Franchement, plus de huit ans depuis leur album précédent, un nouvel album supposé en gestation depuis plusieurs années… on pouvait penser le trio californien moribond ! C’est par l’intermédiaire du dynamique label transalpin Heavy Psych que nous arrive la lueur d’espoir : HOBP est toujours vivant !  Avec un nouvel alb… Ah non, on me souffle à l’oreille que ce n’est qu’un EP…

Frustrés, on se plonge quand même vite fait dans la galette, et le moins qu’on puisse dire c’est qu’on est en terrain connu… et que ça fait fichtrement plaisir ! Le trio formé par les fondateurs de Unida (Arthur Seay et Mike Cancino) et l’excellent bassiste/chanteur Joe Mora évolue toujours dans une sorte de gros hard rock qui tâche (pensez Unida sans Garcia), avec une grosse tendance au shred (quel six-cordiste remarquable !), ce qui ravira les amateurs trop souvent frustrés de soli parfois outranciers mais souvent jouissifs. A ce titre l’EP nous rappelle la palette typique du trio, à travers 7 titres assez variés.

Le plat d’honneur est servi en introduction, avec deux compos studio… Nouveautés ? Pas vraiment, car même si ces deux brulots sont rutilants et inédits sous cette forme studio, les deux titres étaient connus des aficionados qui les avaient déjà vus et entendus plusieurs fois joués sur les set live du groupe. Il n’empêche qu’ils dépotent bien en version studio (et accessoirement l’occase de valider le timbre parfois « Garcia-esque » de Mora sur le refrain de « Toranado »). Belles pièces.

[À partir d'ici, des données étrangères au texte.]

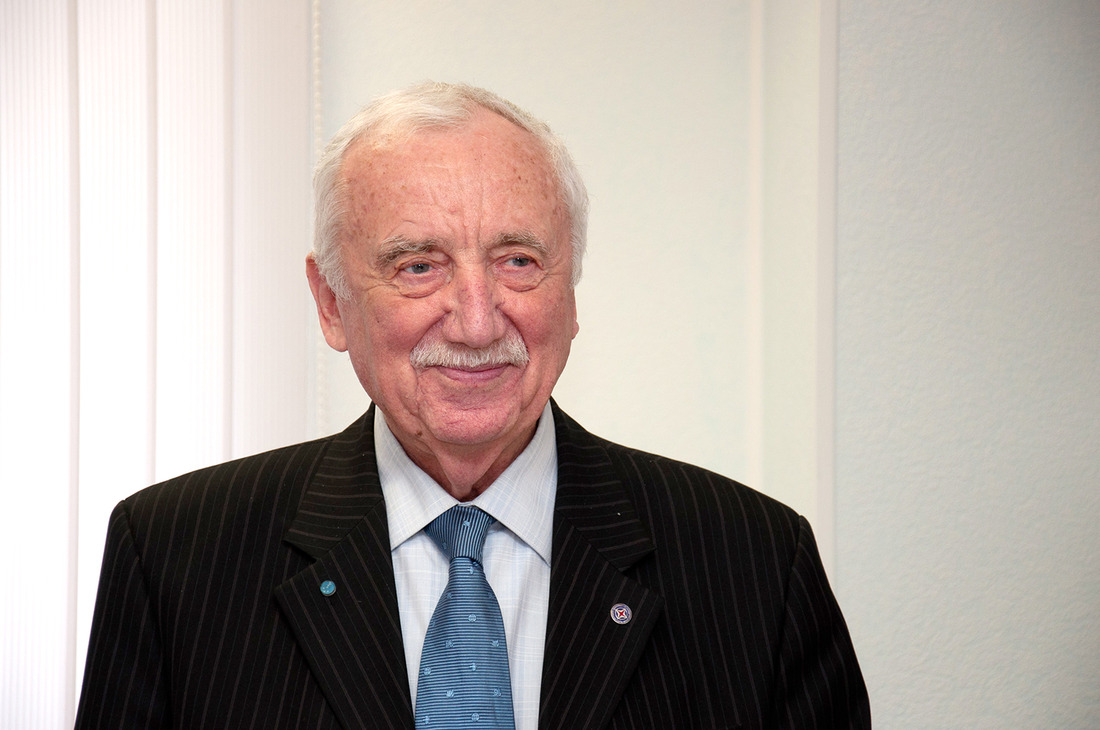 XyoMVSKwlJK2TAZNW-xnCw=s1100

La reprise de Billy Squier « The Stroke » ne surprendra pas vraiment non plus, le groupe ayant déjà proposé ce titre testostéroné en live. Toujours cool de l’avoir gravé sur disque. Plus intéressante est la reprise du « Lady Evil » de Black Sabbath : même si le titre est déjà connu sous cette forme (proposé sur un album tribute sorti il y a quelques années) il fonctionne bien, hommage respectueux aux anglais avec une sorte de Dio au timbre râpeux chargé au Jack Daniels… (note : sur le tribute album, c’était un chanteur invité qui mimait le grand petit chanteur, et pas Joe Mora)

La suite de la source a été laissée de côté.